Some lenders will only offer interest-only mortgages for those who have a minimum of 25% capital in the property.
Switching from repayment to interest-only mortgage payments will reduce outgoings as you’re no longer paying the portion of the mortgage that reduces your outstanding borrowing.
Be warned — some lenders will only offer interest-only mortgages for those who have a minimum of 25% capital in the property, for example. In other words, the maximum Loan to Value (LTV) that they'll consider for an interest-only mortgage on is 75%.
It’s important to remember that if you move to full interest-only payments, you’ll have to agree with your lender how you’ll manage this later on, and how you’ll repay the capital borrowing you’ll still owe.
Some lenders also charge a fee for moving you to interest-only payments, and you could find that you may have to pay Early Repayment Charges (ERCs) if you’re on a fixed rate deal.
There’s a lot to consider, so it’s not something to do without taking professional advice first from a mortgage advisor. However, moving to interest-only repayments can prove helpful for those whose income will be impacted on a longer-term basis, for example, those who have been made redundant and need time to find another role.
Come to an arrangement with your lender
If even reducing your mortgage to interest-only would be a stretch, your lender may agree to put a formal mortgage arrangement in place for a reduced monthly amount until you’re back on your feet.
By putting a mortgage arrangement in place, you’re proving to your lender you’re doing your best to meet your responsibilities and you’re prioritising your mortgage payments. This will help when you need to apply for another mortgage when your current deal expires.
In order to apply for a mortgage arrangement, most lenders will ask you to provide a monthly budget showing your current income together with any benefits you receive, such as Universal Credit, as well as child maintenance or spousal maintenance payments.
They may also ask for a breakdown of your monthly outgoings, such as household bills, credit card or store card payments, car finance payments, food bills and any other committed expenditure. Once you’ve submitted these figures, they will review what you can afford to pay and work with you to develop an affordable, reduced payment plan.
Will accepting help from my mortgage lender damage my credit rating?
Mortgage payment holidays under new schemes introduced by lenders in response to COVID-19 will not leave a ‘black mark’ on your credit rating.

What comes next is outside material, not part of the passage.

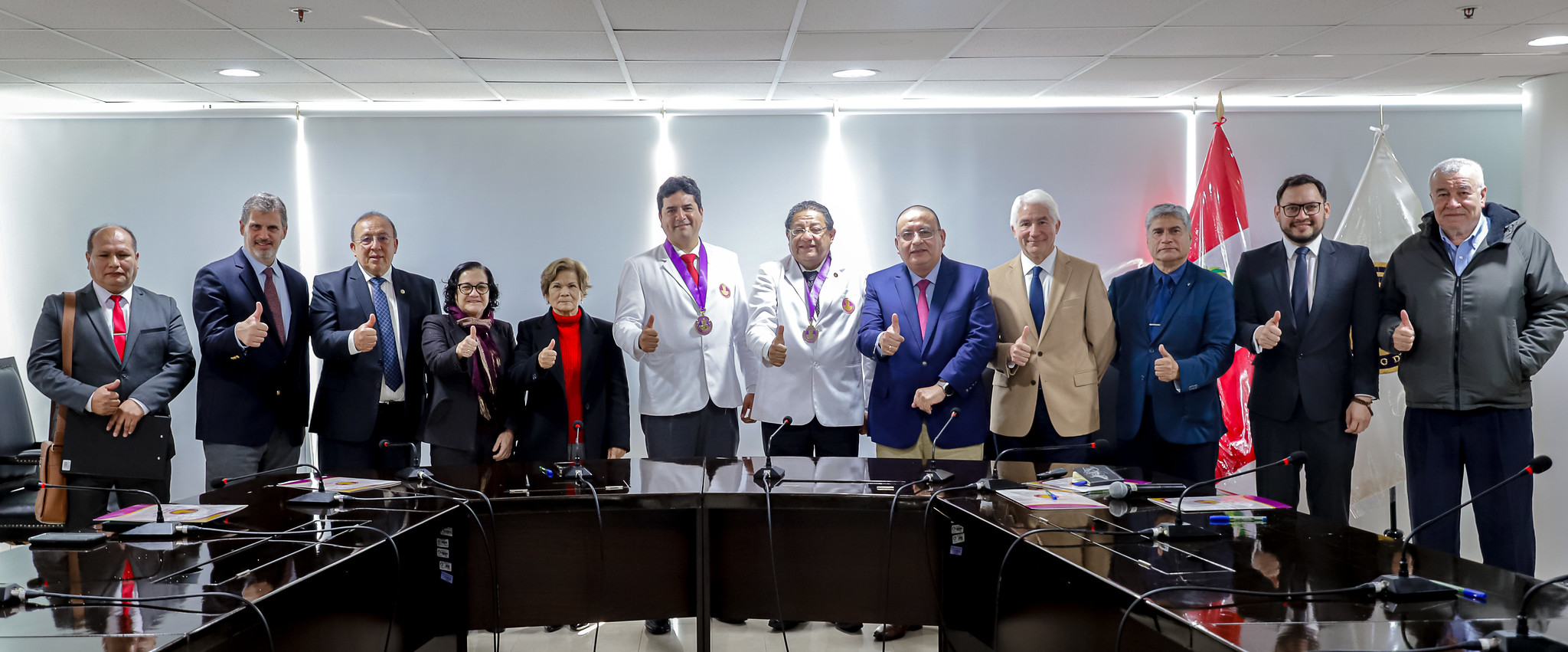 Cayetano Heredia participa en encuentro clave para establecer estándares de excelencia en la formación médica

However, switching to an interest-only mortgage, or entering into a formal arrangement with your lender could impact your credit file, therefore you do need to discuss this and take financial advice based on your individual circumstances.

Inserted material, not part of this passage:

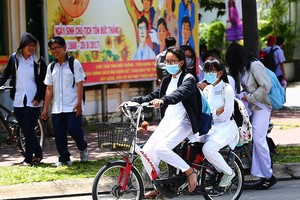 本市的學生使用電動自行車上學。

Ultimately, providing you stick to what’s been agreed and later revert to the normal terms of your mortgage, it shouldn’t preclude you from successfully applying for a mortgage in the future.
What else can I do?
Before you ask your lender for help, review your finances yourself and see if there’s anything you can do to reduce your outgoings.

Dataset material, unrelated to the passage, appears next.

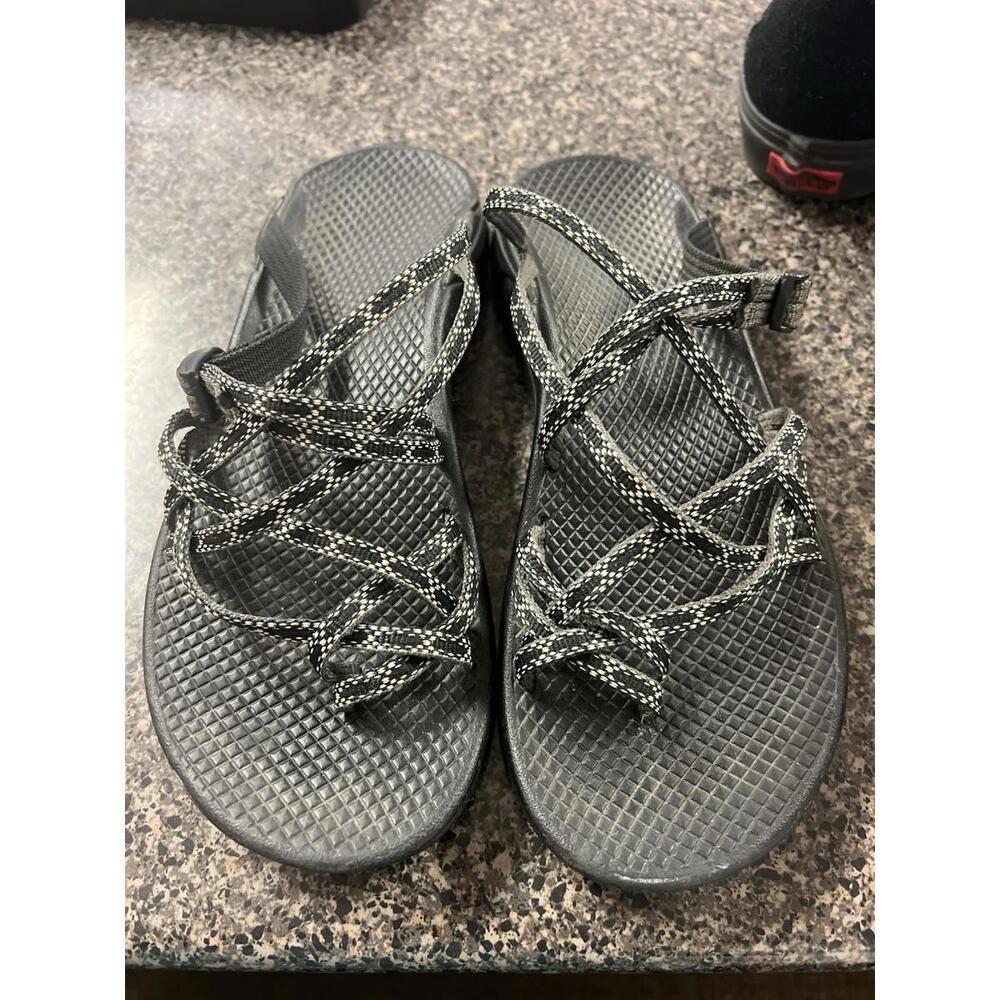 chacos black/white sandal no back strap size 8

You may be able to approach your buildings and contents insurer to get a payment holiday on your policy. For example, our home and car customers who are affected by COVID-19 can apply for a payment holiday.
If you’re unsure, it’s worth contacting insurers, credit card companies and utility companies to explain the situation and see if there’s anything they can do to help.
So there are options available to me… where do I start?
Most importantly, talk to your lender before you miss a mortgage payment or cancel your direct debit.
Provide as much evidence as you can around your current levels of income and the reason you’re in financial difficulties, for example, confirmation from your employer that you’ve been furloughed or made redundant, or if you’re suffering from ill health and unable to work for a significant period of time, a medical note.
Mortgage lenders tend to be sympathetic to those in genuine difficulties and want to help borrowers stay in their homes. But if you don’t let them know you have a problem, your lender can’t help you. By taking action sooner rather than later, you’re more likely to secure a positive outcome and the support you need.